I have the luck that I have the 461 visa.
I have the 461 visa wich allows me to work in Aussie for up to 5 years if I have my NZ partner with me. 
I am a NZ permanent resident from last week.
IF after 2 - 3 years we still in Aussie and working and IF i break up, am I allowed to stay in Aussie? 
I desperate want to go to Aussie and stay there.
I read that in the immi statement:

Renewing your visa

You can renew your visa, *even if **your relationship* with the Special Category visa holder *has ended*, provided that:

* *you have maintained Australian residency; you must have been in Australia for a total of at least two years in the last five years*
* you continue to meet standard health and character requirements
* you do not become the member of a family of another person (other than another Special Category visa holder)
* if you are currently outside Australia, you held this visa when you left Australia.

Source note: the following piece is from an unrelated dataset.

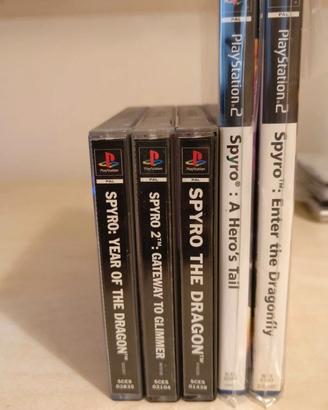 Spyro 1 e 2 e 3 PS1, Spyro Reignited Trilogy PS4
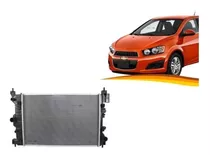 Radiador Chevrolet Sonic Mecanico  2012 2015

Does that mean that I can renew for other 5 years till lkater I get a PR or does it just mean that I can stay till my visa expire?
Sorry I dont understand that.


----------



## Wanderer (Jun 16, 2007)

You seem to be all over the place in your mind, ie. for example


> Is it not so that if you want to marry you are able to be with the partner less than 1 year? Its 1 month or so?
> I want to go to Australia and look for a woman. Than I could apply for that
> Partner temporary visa (subclass 820)
> 
> ...


I have deleted that and will also delete your other post.

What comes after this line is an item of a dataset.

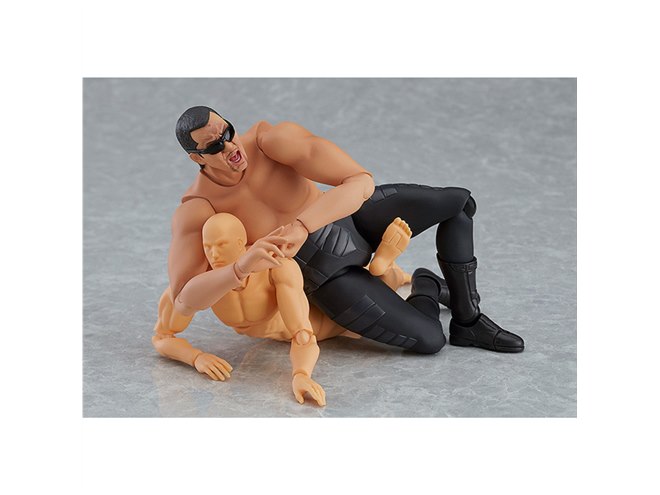 黒のカリスマ”プロレスラー・蝶野正洋を再現した「figma 蝶野正洋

Get reasonable and post sensibly.
If not it'll be good bye!


----------



## spirit (Nov 24, 2010)

> Hi,
> I need some advice.
> I have the luck that I have the 461 visa.
> I have the 461 visa wich allows me to work in Aussie for up to 5 years if I have my NZ partner with me.
> ...


No please Wanderer.
Can you at least try to help me with the 461 visa problem? Thats a normal question. Please???
I really need your help. I dont know where to go otherwise.


----------



## Spoon (Nov 24, 2010)

spirit said:


> No please Wanderer.
> Can you at least try to help me with the 461 visa problem? Thats a normal question. Please???
> I really need your help. I dont know where to go otherwise.


Spirit,
From what I understand the visa can be renewed providing you have been in Australia for at least 2 of the five years, even if you are no longer in that relationship.
You cannot renew it if you have moved in with another person who is _not_ a special category visa holder (ie non eligible NZ citizen, like your current partner)

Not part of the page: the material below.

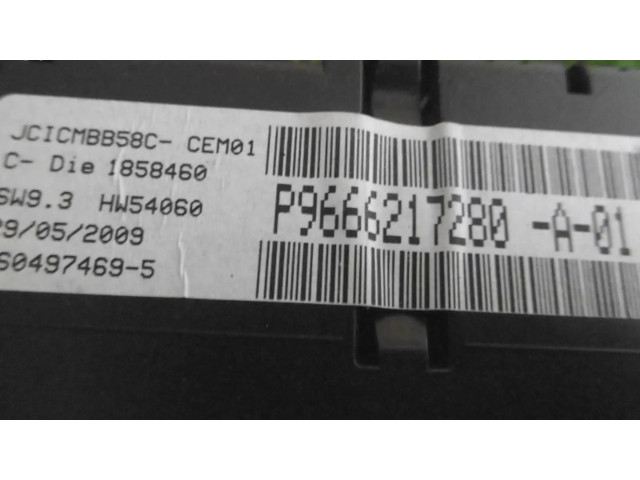 Přístrojová deska Citroen C4 Aircross 2009 00006103KV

If you are not in a relationship at all, I guess as long as the two year condition has been met, it can be renewed.

If you are in a relationship with an Australian citizen, then look at another (spousal) visa

I'm no expert, this is just my understanding from what I've read myself.

or can you obtain NZ Citizenship? this would allow you to live & work in Australia as a special category visa holder in your own right.


----------



## mostwanted (Mar 30, 2014)

hi,
great platform ,great replies.
i have question if anyone can comment on that.
i ve applied for 461 and waiting for decision currently in australia.
am i eligible in one way or another to get nz pr or citizenship?
if i move there or any other way.
thanking in anticipation.


----------



## Maggie-May24 (Jul 24, 2011)

mostwanted said:


> hi,
> great platform ,great replies.
> i have question if anyone can comment on that.
> i ve applied for 461 and waiting for decision currently in australia.
> ...


You'd need to look at NZ's immigration requirements. Posters on this forum are unlikely to be able to help as most are only seeking Australian immigration.


----------